All of this leads to a tremendous amount of frustration across finance, executive, and product teams struggling to find a way to quantify and reign in expenses, and all asking the same question – Why is it so challenging to take engineers to act?
A Cultural Shift
FinOps proposes a cultural shift in the way that organizations realize the promise of the public cloud – a truly elastic, consumption-based model. The FinOps framework proposes that there are two levers that can be pulled to control cost: pay less and use less. At nOps, we remove all of the complexity of AWS savings tools so that engineers can focus on innovation and the complicated piece of the equation – applying the principles of unit economics and taking advantage of the elastic nature of the cloud. In this series, we will discuss our journey to understand why engineers don’t or otherwise seem unable to act on savings opportunities.
The FinOps foundation proposes three phases in the journey to FinOps maturity – Inform, Optimize, and Operate. When we set out to truly allocate every penny of our cloud spend, we didn’t only come out of the experience with an understanding of how our dollars were spent but also a better understanding of how to apply the right context for different personas and purposes on our team. This is how nOps Business Contexts was born and tested – in our own organization and as a joint effort across teams and a centralized function. We also learned more than we expected about how to prioritize, plan, and act on optimizations. None of this would have been possible if we didn’t have buy-in from the executive team to embrace FinOps as an organizational practice.
Context Is Everything!
Finance thinks of resources in terms of Cost of Goods Sold (COGS), Research and Development, Marketing, and Sales. Engineering, on the other hand, might need to organize by environment, service, or even by different tools used in delivery. While tagging best practices might help us to get some of this visibility, constantly re-tagging resources is time-consuming and might not allow us to get visibility on non-resource related costs like network consumption, marketplace purchases, or expenses that need to be categorized differently for different views.
nOps Business Contexts allows us to create Showbacks for an unlimited number of views and gives us the ability to:
- Combine tags to account for different views
- Create showback values when no tag exists
- Create and combine allocation rules based on account, service, operations, and usage types
- Apply business logic to distribute expenses across teams, services, or cost centers
Our Cloud Resource Cost capability allows us to view, track, and report on showbacks from any dimension and at any time resolution — meaning that any team can quickly see how the showback category they are responsible for contributes to cloud resource cost and scores in relation to other groups.

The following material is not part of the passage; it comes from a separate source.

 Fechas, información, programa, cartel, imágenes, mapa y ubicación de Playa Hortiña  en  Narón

What did the team learn in this process?
Viewing spend by AWS service can be deceiving: AWS offers hundreds of services that can be billed across thousands of dimensions. When we peel back the layers, we might see that the EC2 spend is too high but not realize that there are bigger opportunities in network configuration due to NAT Gateway expenses than in other, more disruptive, and complex optimization tasks.
Allocating our EKS expenses is possible and adds real value: Creating views that visualize expenses by node groups and allocating shared environments based on consumption helped us prioritize our spend reduction more effectively. Effectively calculating the cost of different services running in EKS has helped us to prioritize adopting newer services like AWS Batch running on Fargate for long-running batch jobs that are hard to scale.

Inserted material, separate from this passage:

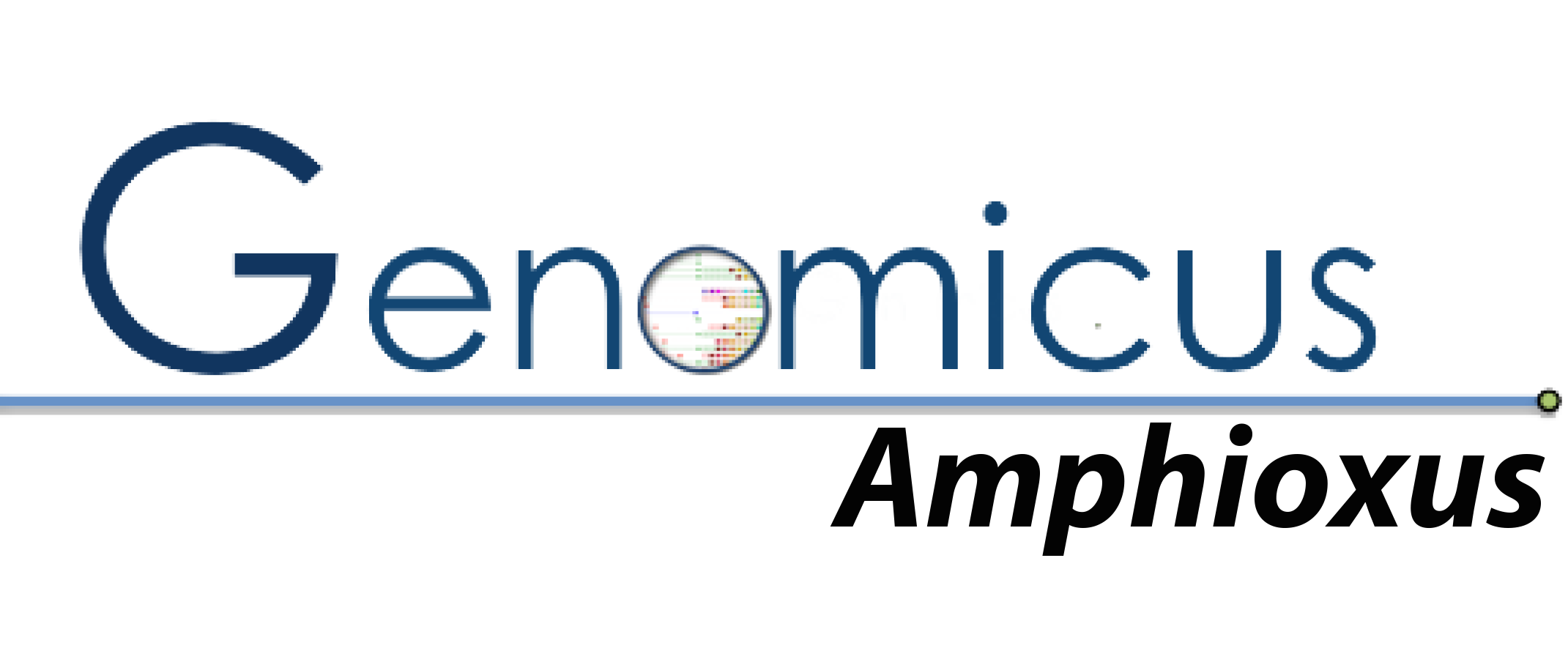 GenomicusAmphioxus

Tagging can hide problems as easily as it can solve them: We had thousands of dollars worth of database snapshots with an improperly applied tag that would have never surfaced if we had not gone through the process of building contexts meaningful to the engineering team. It wasn’t until we had the ability to apply filters to those resources that we realized that our database snapshots were not configured correctly, creating thousands of dollars in storage expenses each month.

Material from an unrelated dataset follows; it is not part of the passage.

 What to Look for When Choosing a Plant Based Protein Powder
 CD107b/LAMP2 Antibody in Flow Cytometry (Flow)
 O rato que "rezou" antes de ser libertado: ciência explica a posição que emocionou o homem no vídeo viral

With proper service tracking, engineers can justify investing in new technologies: With our service-based showback, we were able to compare and contrast the growing cost of OpenSearch with Apache Druid, which was more suitable for the size and type of queries that we are running. Seeing the Druid costs instantly appear has helped us to prioritize migration work and will soon result in thousands in cost reductions as our OpenSearch reservations expire.
Priorities will change as part of the journey: Although conventional wisdom may tell us that our biggest cost savings opportunities are in optimizing large production environments, as you begin to quantify and justify these expenses in terms of unit economics, your attention may shift to lesser targets like QA and dev environments. For us, we realized that some of our quickest and most meaningful wins were going to be gained by scheduling our laboratory environments during off hours — and contributing to 20% savings on our overall EC2 and RDS bills.
Unit economics empower our teams to engineer more effectively: As our FinOps maturity has grown, so has our ability to apply unit economics on a daily basis. When we approach a new problem or feature, the team has built the experience and toolset to quickly analyze the impact of the new feature. In our case, we’re able to understand the cost of ingesting billing data for a customer of any size on a daily basis and also to prioritize optimization around that process to avoid any surprises.
Better collaboration leads to more efficient use of resources: FinOps improved collaboration between our engineering and finance teams and encouraged them to work together to optimize cloud spending and reduce waste. By establishing shared goals and metrics, both teams now work towards a common objective of reducing costs while maintaining the quality of service. This collaboration can lead to more efficient use of resources and cost savings for the company.
Cloud Vendor Negotiations: FinOps encourages our finance and engineering teams to collaborate during cloud vendor negotiations. This helps us ensure we get the best deal possible from the cloud vendor. By working together, finance and engineering teams can negotiate contracts that are financially efficient and technically effective.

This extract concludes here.